Data Collection at the Sites *

Acknowledgements *

Appendices *

Appendix A - Glossary *

Appendix B - Survey Forms *

 

 

 

 

Executive Summary

This report summarizes the results of a survey of the basic capabilities of the sites in the NRS, in terms of electronic networking, information technology and data management.

The survey shows a wide range of those capabilities across the NRS sites, and indicates the need for upgrades and improvements in the near- to medium-term future. In particular, the following areas need special attention.

 

Introduction

The University of California Natural Reserve System was formed over thirty years ago in response to a growing need for a system of protected sites that would broadly represent California's rich ecological diversity, biomes and environments, protect them and make them available for scientific study, academic teaching, and public outreach.

The UC NRS -- an Important State, National and International Resource

The system has since been enormously successful in creating a system of outdoor classrooms and laboratories for long-term studies available to researchers, students and teachers at all University of California campuses, and to any qualified user from any institution, public or private, throughout the world. The NRS is not only a unique state-wide resource, but also has the proud distinction of being the largest university-operated system of natural reserves in the world. Figure 1. provides an overview of the sites in the UC NRS. (For more detail see http:\\nrs.ucop.edu.)

UC Berkeley: 1. Angelo Coast 2. Chickering American River 3. Hastings Natural History Reservation 4. Jenny Pigmy Forest

UC Davis: 5. Bodega Marine Reserve 6. Eagle Lake 7. Jepson Prairie 8. McLaughlin 9. Quail Ridge 10. Stebbins Cold Canyon

UC Irvine: 11. Burns Piñon Ridge 12. San Joaquin Freshwater Marsh

UC Los Angeles: 13. Stunt Ranch

UC Riverside: 14. Box Springs 15. Boyd Deep Canyon 16. Emerson Oaks 17. James San Jacinto Mountains 18. Motte Rimrock 19. Sweeney Granite Mountains

UC San Diego: 20. Dawson Los Monos Canyon 21. Elliot Chaparral 22. Kendall-Frost Mission Bay Marsh 23. Scripps Coastal Reserve

UC Santa Barbara: 24. Coal Oil Point 25. Carpenteria Salt Marsh 26. Santa Cruz Island 27. Sedgwick Reserve 28. Sierra Nevada Aquatic Research Lab (SNARL) 29. Valentine Camp

UC Santa Cruz: 30. Año Nuevo Island 31. Ford Ord 32. Landels-Hill Big Creek 33. Younger Lagoon

 

Figure 1. Map of reserves in the University of California Natural Reserve System (as of May 2000). Note that the site numbers in this map are used for reference throughout this report.

From Individual Stations to a Coherent Research Network -- Challenges and Opportunities

Most NRS field sites were chosen on the basis of the quality and type of ecosystems they represent, attributes that often favor sites in remote locations with poor infrastructure. While this situation is not in itself an obstacle to continued use by dedicated researchers and students, it does complicate communication and collaborative work among individuals and groups working at different sites, often for long periods during field seasons.
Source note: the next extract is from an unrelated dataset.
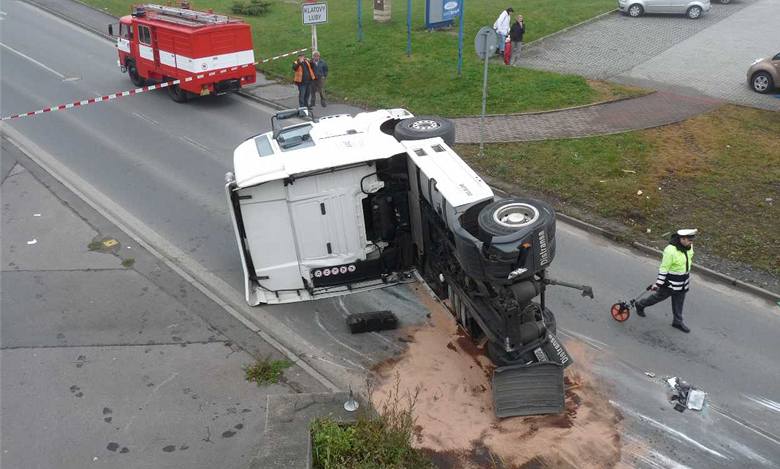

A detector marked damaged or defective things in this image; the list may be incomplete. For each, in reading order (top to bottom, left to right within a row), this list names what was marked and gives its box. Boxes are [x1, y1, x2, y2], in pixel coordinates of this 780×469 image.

In addition, the cross-site and cross-institutional dispersion of the hundreds of researchers, students and members of the public that use the NRS individually or in small groups, enormously complicates the task of a integrating the individual site facilities into a coherent system with the capability of data and information discovery, retrieval and exchange.

To meet the these challenges, the reserve managers at their 1999 annual meeting focused on a set of medium and long-term goals in the development of system-wide information management capabilities that include development of a system-wide data policy, metadata conventions and standards, long-term data-archiving strategy, an inter-site user database and an all-site catalog of data sets.

The NRS information technology developer is leading the efforts in planning and implementing solutions that will help the NRS meet these goals.

 

Networking and Information Management in the Wider Ecological Research Community

The situation of field researchers and students widely dispersed both geographically and over multiple institutions is not unique to the NRS, and has long been recognized as a crucial factor capable of impeding cross-site and interdisciplinary collaboration. To overcome these obstacles, the National Science Foundation in 1980 began funding for the Long-Term Ecological Research (LTER) Network, which has now grown to 20 sites in the continental U.S., Alaska, Antarctica and Puerto Rico (see http://LTERnet.edu). Although data management at the network level was not a priority in the early phase of LTER development, this area has gained increasing prominence since the late 1980s and information technology has played a crucial role in transforming the original set of individual LTER sites into a coherent research network.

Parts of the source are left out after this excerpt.